Wool Carding Workshop and Milo Fulling Mill: Lithuanian traditional architecture

A karšykla and milo vėlykla were textile-processing workshops, often connected with mills and small-town production. In them wool was carded, spun, or milas was fulled, so on the map of traditional architecture they mark buildings of work and technology.

Category

Work and Craft Buildings

Type

Textile-processing production workshops

Source status

regional and small-town tradition

Names and variants

Wool carding workshop, Carding-spinning workshop, Spinning workshop, Milo fulling mill

What are a karšykla and milo fulling mill?

A karšykla is a wool-preparation workshop where wool is carded before spinning. A milo fulling mill is a place where woolen cloth is fulled, densified, and processed.

These buildings are not typical structures of every farmstead. They belong more to small towns, manors, mills, and small-scale production settings.

Connection with mills

From the nineteenth century, such workshops were often established by mills, where there was power, water, roads, and movement of people. The mill setting acted as a local technological center.

For this reason the karšykla and milo fulling mill expand the image of traditional architecture: alongside farmstead buildings appear communal production structures.

Architectural character

Carding workshops and fulling mills needed work space, equipment space, water or mechanical power, storage, and convenient access. The building had to be functional and often modest. According to VLE, milas was fulled by fulling devices driven by a mill drive: older pestle fullers beat the cloth in a hollowed trough with pestles lifted by a rotating shaft, while cabinet-type fullers spread from the late nineteenth century; the fulling mill also had a stove for heating water and drying fulled milas, and by the mid-twentieth century most fulling mills had disappeared.

Their heritage value lies not in decoration but in the relationship among equipment, technology, and place.

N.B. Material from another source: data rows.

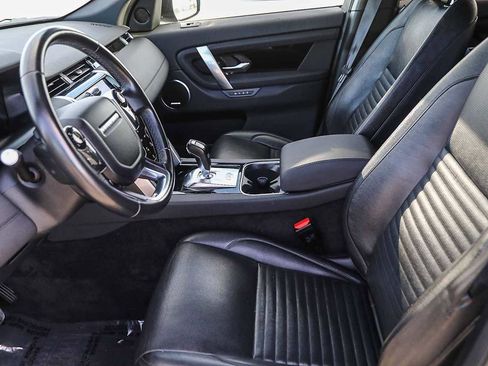 Used 2020 Land Rover Discovery Sport SE image 17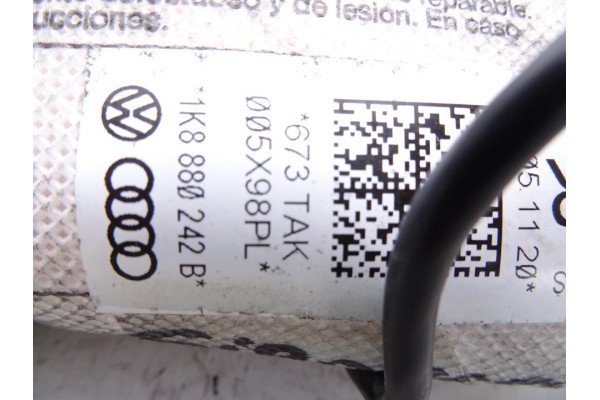 1K8880242B  AIRBAG LATERAL DERECHO VOLKSWAGEN SCIROCCO (137) 2.0 TDI (103kW) BlueMotion 2011 1K8880242B 213098 VOLKSWAGEN - 1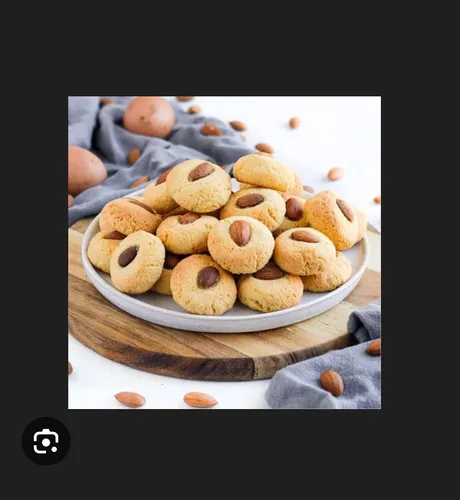 Almond cookies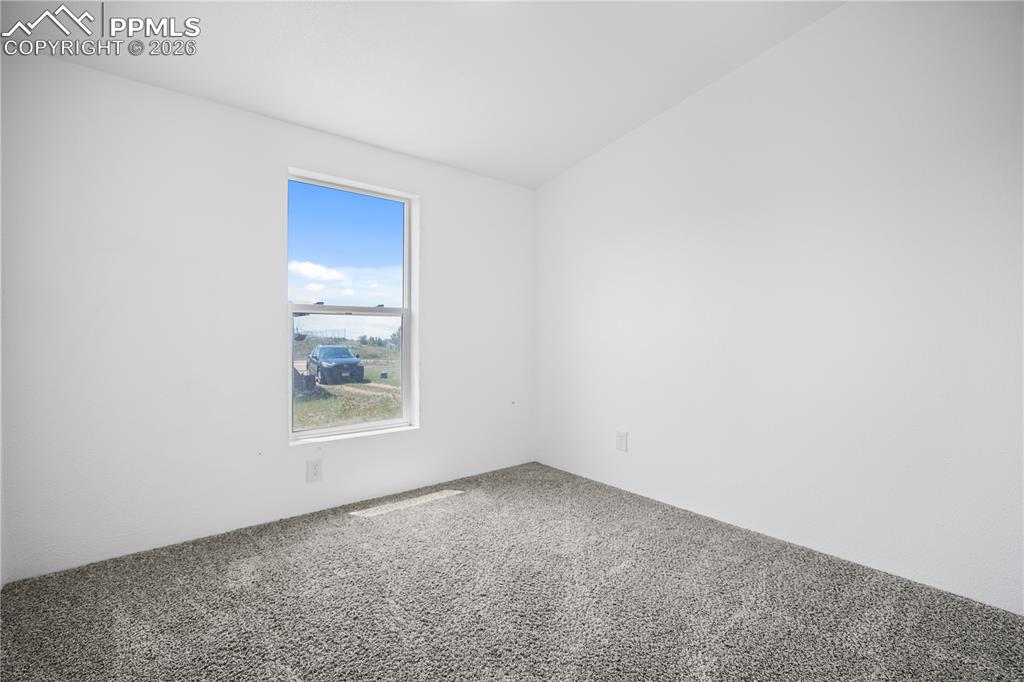 Image 16 of 28: Bedroom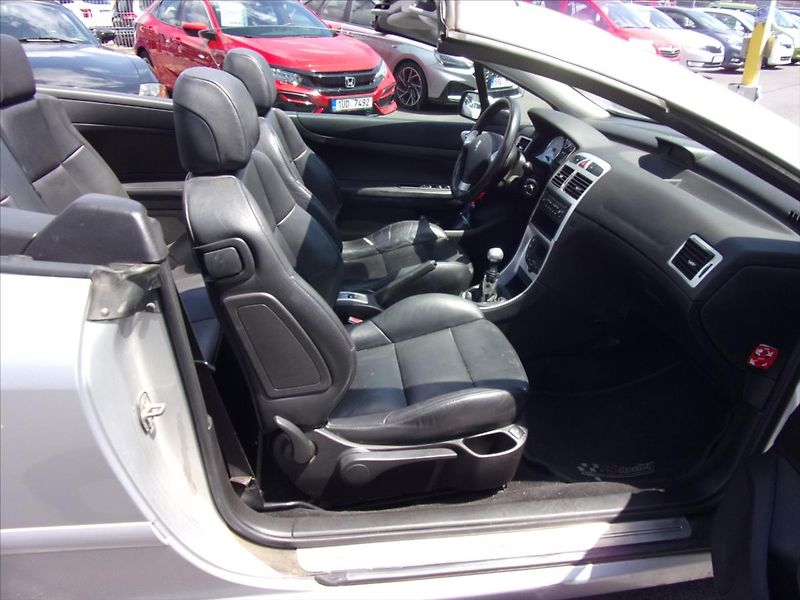 Peugeot 307 2,0 16V CC 100kW - fotka 9 z 28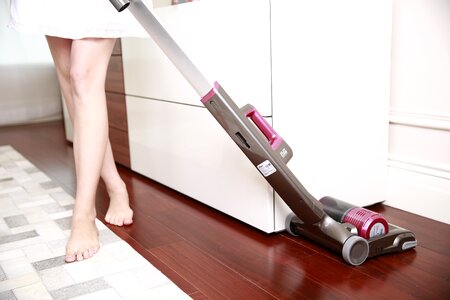 Legs cleaner cleaning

Without this relationship the building is difficult to read.

Textile culture context

Lithuanian rural textiles did not appear only at home beside the loom. They needed a chain of wool preparation, spinning, weaving, fulling, and dyeing.

The karšykla and milo fulling mill show that chain in architecture: these are buildings where cloth quality depended on a technological process. According to VLE, archaeologists have found fragments of thick woven milas from as early as the ninth-twelfth centuries, and sixteenth-seventeenth-century written sources mention peasants wearing rudinės made of thick milas.